My main interest is computers, but every step of the way trying to learn about them or get qualifications has been thwarted by idiot lecturers.

The worst three were on the last degree I dropped out of.

The first one was giving the first lecture in computer systems, and he was the most highly qualified member of staff on the course (he had a PhD. in Computer Science, no-one else had higher than a Masters). As part of the lecture on hardware he said something like "only the lower surfaces of a hard disk are used to store data, as dust falling on the upper surface can damage the drive heads" (for those who don't know about hard drives, they've been in dust proof cases for at least 20 years).
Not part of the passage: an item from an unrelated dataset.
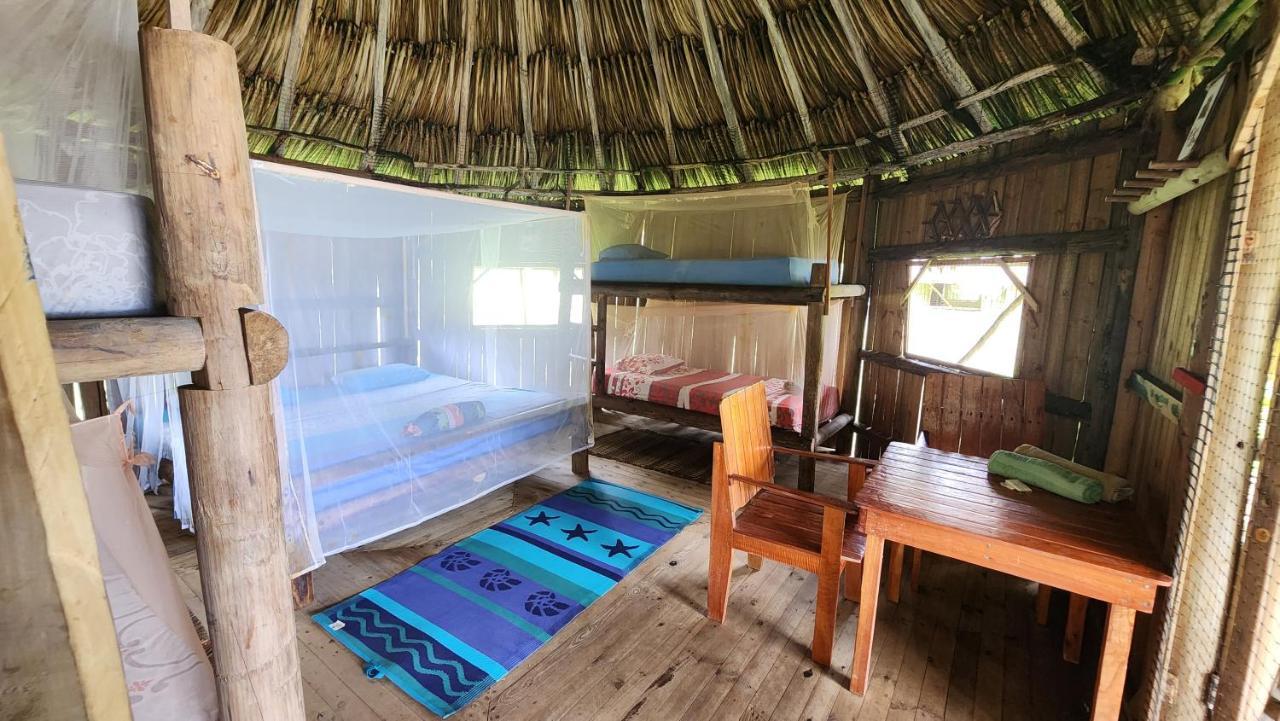 Ecolodge Playa Brava Teyumakke Calabazo  Екстер'єр фото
That was the second C.S. degree I dropped out of in the first year.

The second one was the guy doing 'hands on' computer hardware (basically pulling PCs apart and putting them back together again). 3 months into the course we didn't have a proper timetable, and were still arriving at lectures to find the room double booked with another course, and the lecturer nowhere in sight.
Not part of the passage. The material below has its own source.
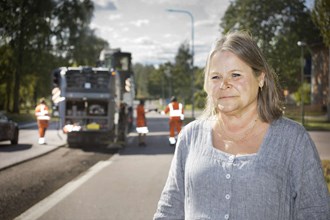Sju miljoner läggs på asfaltering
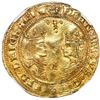 Image 1 : Seville, Spain, gold double excelente, Ferdinand-Isabel, ermine and three dots at top and mintmark S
The third one was my course tutor. I turned up to the first lecture she was giving, and found a bunch of people doing the exact same double-glazing window area spreadsheet task I'd done as part of GCSE computer studies. I though that was a bit low level for the degree I was on, and asked her if I was in the right place for my course, and she didn't even know what course she was teaching. Later in the year she sent me an email asking me to come to her office to talk about my attendance, and I went to the room number she gave me, waited several hours, then went home again. Turns out her office wasn't in the main building, where all the other staff offices were, and she assumed I'd know where her building was, when I'd never been there before.


That was the second degree course I left because it was bloody obvious I knew more about the subject than any of the lecturers, was sick of not learning anything, and there being compulsory attendance for lectures. It takes the piss when you can get over 80% on all the exams at the end of the year after skipping most of the lectures, but you're going to get kicked off the course if your attendance doesn't improve.

The first degree I dropped out of for similar reasons, and because the first programming lecture started with FOR/NEXT loops in BASIC, and wouldn't get onto actual C++ programming at that level until the last year. I did FOR/NEXT in BASIC when I was 8 years old, on a ZX Spectrum.

I carried on teaching myself BASIC throughout high school, and my final high school C.S. project was an A.I. noughts-and-crosses program that learned by storing all the moves from games it won in a database, to use the best known moves in future games. I was accused of plagiarism by the staff, because I had turned up in class with a computer manual (for the scripting language for a PC mouse, so nothing remotely related to the BBC BASIC I was programming in). The staff there simply couldn't understand the first thing about my project, and rather than show themselves as idiots, they failed my entire coursework, worth 30% of the final grade. I got a C for the course after the exams, which was only possible by getting a 100% exam mark. Not getting an A kept me out of any decent University, and made sure I didn't bother continuing C.S. to A-Level, as the same staff would be doing it.

I think the whole problem with degrees in the U.K. came in when they scrapped student grants and switched to loans. When there were grants it was up to the government to make sure the degrees were of a good standard, because they were paying for them. When they switched to loans lots of small colleges decided they wanted to become universities and award degrees, and make money from all those course fees, and abused the fact that once a student has been through the course and bankrupted themselves, there's no way they can afford the lawyers to complain.



The last major programming project I did was a couple of years ago now. It was hand optimised assembly language, on a PIC microcontroller, controlling 4x RGB LEDs using pulse width modulation handled in code. The cycle speed had to be over 20KHz, or the pulses would be visible at the speed the lights would be moving. Everyone else who had tried it said it wasn't possible to write code fast enough to get that cycle speed, with even 1 RGB LED using that chip, so they were using the C compiler on chips with built in PWM modules. I succeeded with enough room to add a sequencer to the code, to put different color fades on each set of RGB LEDs.